O PIB do agronegócio brasileiro, calculado pelo Centro de Estudos Avançados em Economia Aplicada (Cepea), da Esalq/USP, em parceria com a Confederação da Agricultura e Pecuária do Brasil (CNA), caiu 2,07% no quarto trimestre de 2023. Diante disso, o PIB do agronegócio fechou o ano com queda de 2,99%. Pesquisadores do Cepea/CNA destacam que, até o segundo trimestre, o agronegócio vinha se recuperando da queda observada em 2022. No entanto, as baixas consecutivas nos dois últimos trimestres reverteram a tendência positiva. Apesar disso, considerando-se o desempenho da economia brasileira como um todo, o PIB do agronegócio correspondeu por 23,8% do PIB do País.

Segundo pesquisadores do Cepea/CNA, o desempenho do agronegócio foi afetado negativamente pela queda dos preços em todos os segmentos. Esse cenário só não se agravou devido à excepcional produção agrícola e ao crescimento na produção pecuária e laticínios e no volume de abates.  Inclusive, estes fatores impulsionaram a demanda por insumos e agrosserviços.

No setor primário, houve reduções significativas nos preços de culturas importantes, como algodão, café, milho, soja e trigo, além de bovinos, aves e leite. Nas agroindústrias, destacam-se quedas nos preços de biocombustíveis, produtos de madeira, óleos vegetais e na indústria do café, entre outros. Já nas indústrias pecuárias, os preços mais baixos influenciaram sobretudo as indústrias de laticínios e de abate e processamento de carne e pescados.

Pela perspectiva dos segmentos do setor, o PIB dos insumos caiu 23,57% no ano, com quedas nos ramos agrícola (-27,92%) e pecuário (-9,32%). Esse desempenho foi influenciado pela significativa diminuição do valor bruto da produção, principalmente devido à baixa nos preços dos fertilizantes, defensivos agrícolas e rações para animais.
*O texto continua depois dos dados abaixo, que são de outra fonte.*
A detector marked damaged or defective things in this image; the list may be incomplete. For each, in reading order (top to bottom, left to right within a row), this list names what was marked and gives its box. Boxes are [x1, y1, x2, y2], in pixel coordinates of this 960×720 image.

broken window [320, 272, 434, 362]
No segmento primário, o PIB recuou 1% em 2023, sustentado pelo desempenho da agricultura, que cresceu 5,11% no ano. Pesquisadores do Cepea/CNA indicam que o avanço no primário agrícola foi impulsionado pelo aumento da produção, com safras recordes, e pela redução dos custos de produção, devido à queda nos preços dos insumos, como fertilizantes e defensivos agrícolas. Por outro lado, na pecuária houve forte redução de 10,61% no ano. Apesar do aumento na produção ao longo de 2023 e da diminuição dos custos com alimentação dos animais, atividades importantes como a produção de leite, bovinos e frangos para corte registraram consideráveis quedas nos preços.
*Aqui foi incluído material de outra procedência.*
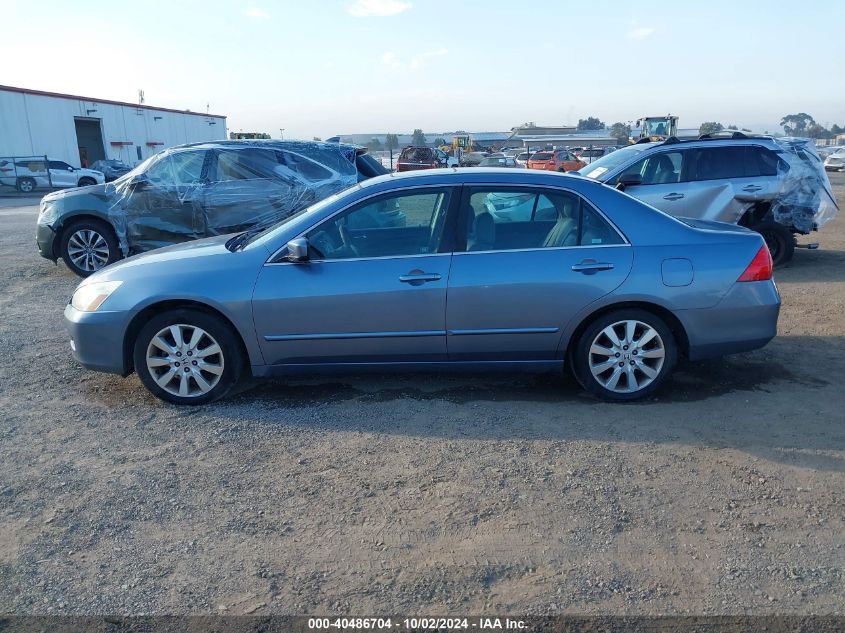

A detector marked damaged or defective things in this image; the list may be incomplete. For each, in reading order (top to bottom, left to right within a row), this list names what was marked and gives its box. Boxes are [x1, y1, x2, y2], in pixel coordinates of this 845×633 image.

wrecked car with plastic wrap [35, 139, 386, 276]
wrecked car with plastic wrap [572, 133, 836, 264]
damaged silver sedan [576, 133, 836, 264]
Para o segmento agroindustrial, a baixa no ano, de 2,05%, reflete o desempenho negativo das agroindústrias de base agrícola (-3,43%), contrastando com o crescimento observado nas de base pecuária (4,07%). Na indústria agrícola, apesar dos menores custos e do aumento modesto da produção, a queda no valor da produção devido à redução nos preços exerceu pressão sobre o resultado. Já na indústria pecuária, o desempenho positivo foi principalmente atribuído à redução nos custos com insumos, em contrapartida à queda no valor da produção, influenciada pelo comportamento desfavorável dos preços.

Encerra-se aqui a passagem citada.